▸ **Exercise**
When you write out the listing, keep each word exactly as it stands but include none of its images.

▸ **Given information**
◆ ◆ ◆ ◆ ◆

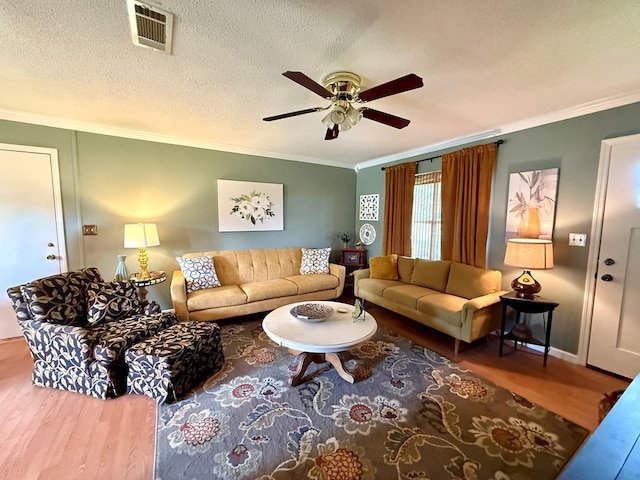 1009 E 8th Ave, Cordele, GA 31015 - photo 4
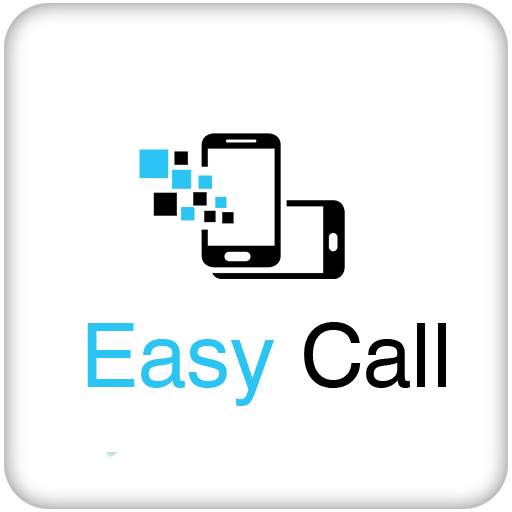 Easy Call Mobile Dialer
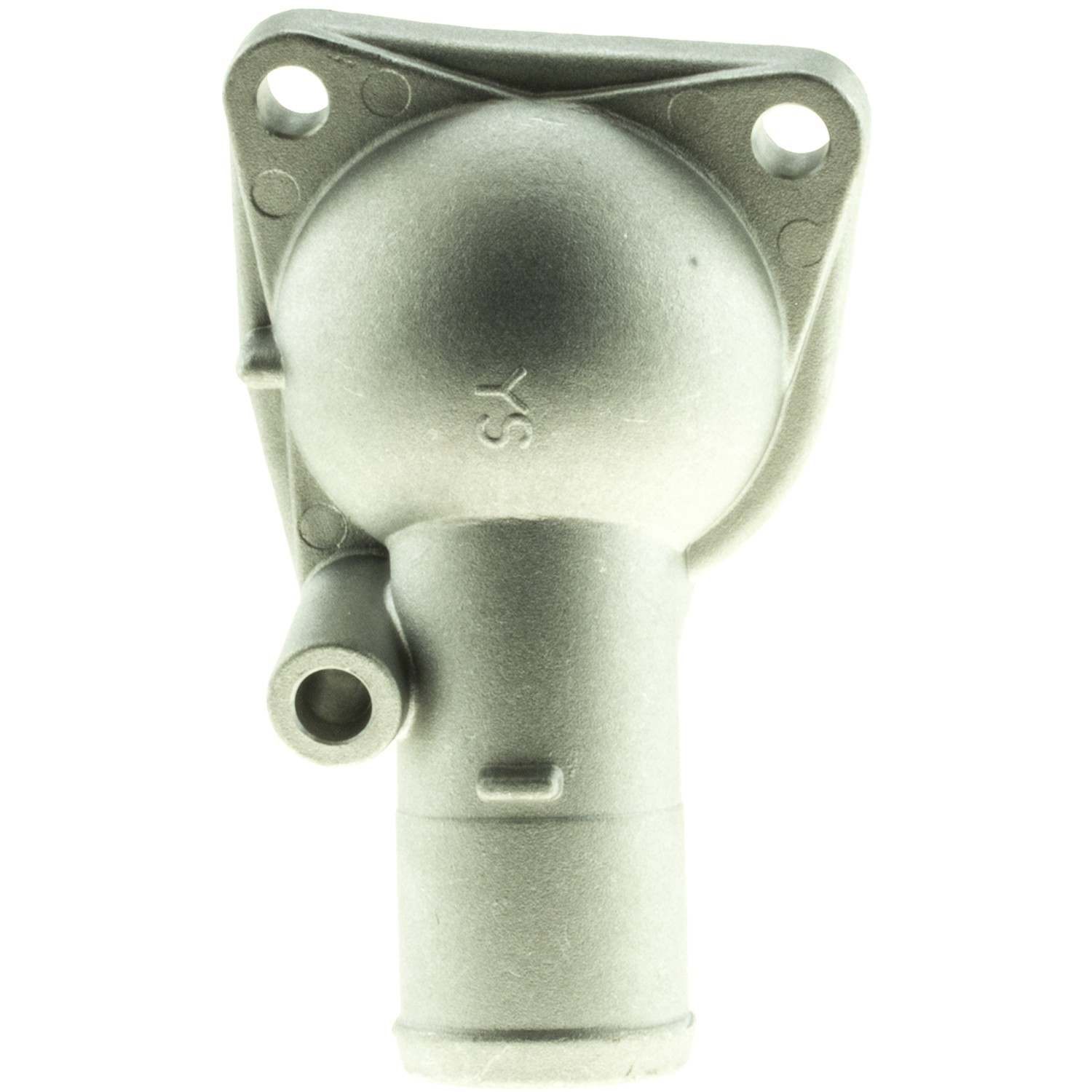 Motorad Engine Coolant Thermostat Housing CH6038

◆ ◆ ◆ ◆ ◆

▸ **Result of this task**
 1009 E 8th Ave, Cordele, GA 31015 - photo 4
 Easy Call Mobile Dialer
 Motorad Engine Coolant Thermostat Housing CH6038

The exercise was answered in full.